■ **TASK STATEMENT**: Could you retype every line below exactly, omitting the images?

■ **THE DATA**:
*** Block opens ***

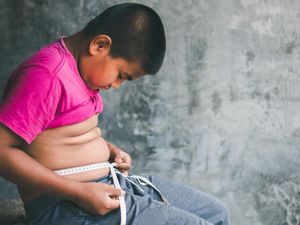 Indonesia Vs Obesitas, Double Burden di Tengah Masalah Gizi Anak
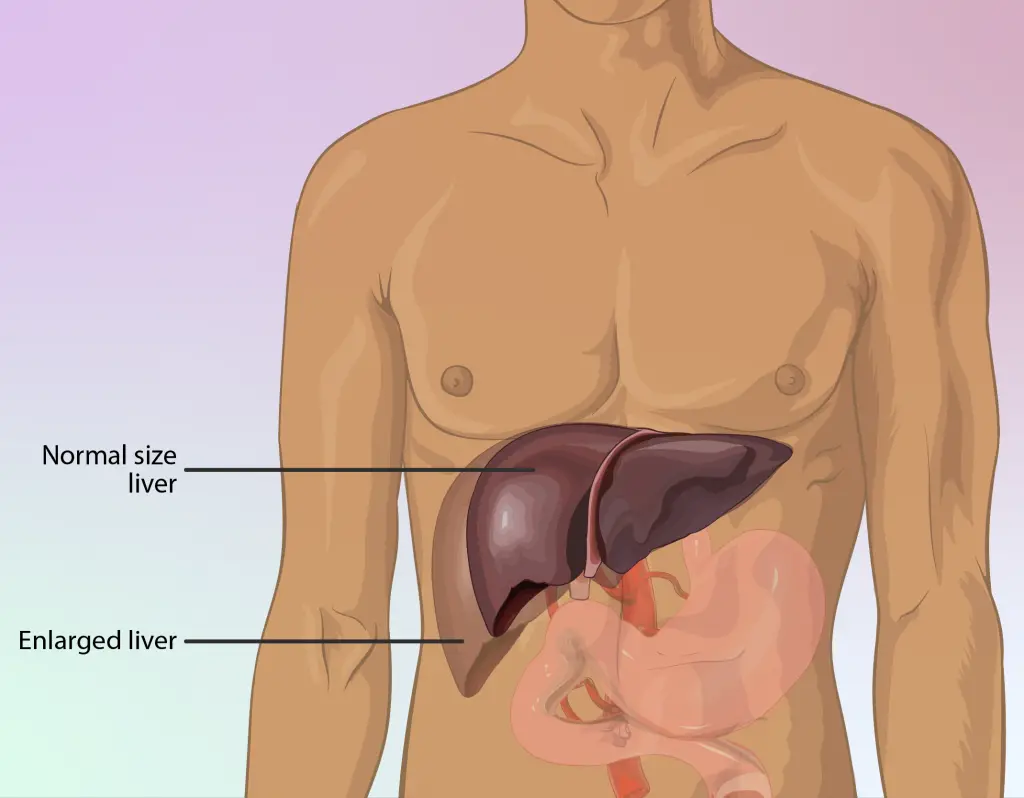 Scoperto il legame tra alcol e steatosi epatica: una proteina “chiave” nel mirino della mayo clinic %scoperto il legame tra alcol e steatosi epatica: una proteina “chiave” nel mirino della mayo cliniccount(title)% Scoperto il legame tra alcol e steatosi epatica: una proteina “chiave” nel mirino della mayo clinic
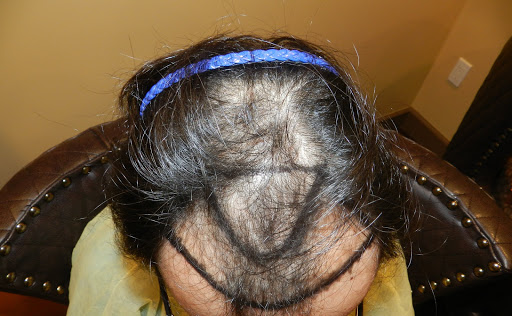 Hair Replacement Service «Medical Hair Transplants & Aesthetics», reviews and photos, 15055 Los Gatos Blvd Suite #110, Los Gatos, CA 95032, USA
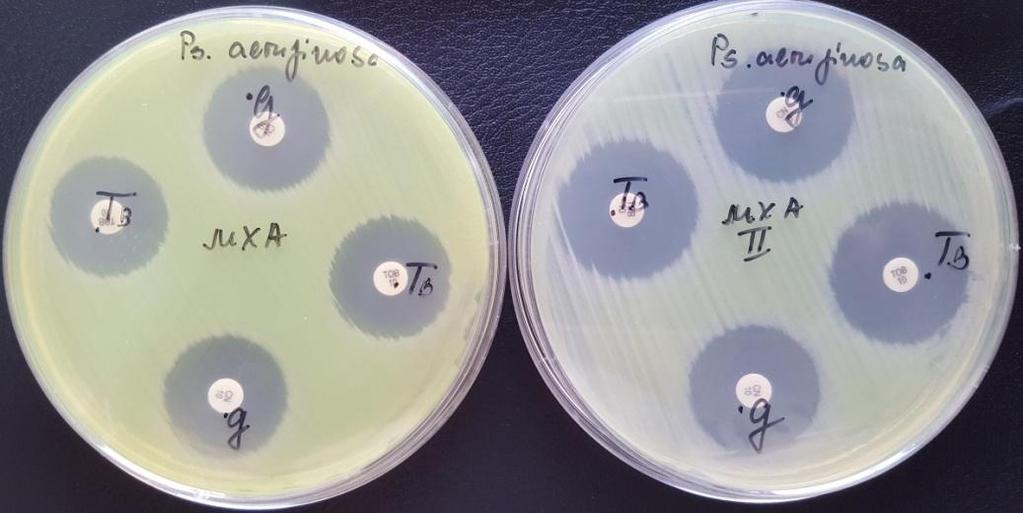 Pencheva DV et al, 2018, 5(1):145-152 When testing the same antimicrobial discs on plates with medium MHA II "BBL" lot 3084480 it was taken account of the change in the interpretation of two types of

*** Block closes ***

■ **EXERCISE RESPONSE**:
 Indonesia Vs Obesitas, Double Burden di Tengah Masalah Gizi Anak
 Scoperto il legame tra alcol e steatosi epatica: una proteina “chiave” nel mirino della mayo clinic %scoperto il legame tra alcol e steatosi epatica: una proteina “chiave” nel mirino della mayo cliniccount(title)% Scoperto il legame tra alcol e steatosi epatica: una proteina “chiave” nel mirino della mayo clinic
 Hair Replacement Service «Medical Hair Transplants & Aesthetics», reviews and photos, 15055 Los Gatos Blvd Suite #110, Los Gatos, CA 95032, USA
 Pencheva DV et al, 2018, 5(1):145-152 When testing the same antimicrobial discs on plates with medium MHA II "BBL" lot 3084480 it was taken account of the change in the interpretation of two types of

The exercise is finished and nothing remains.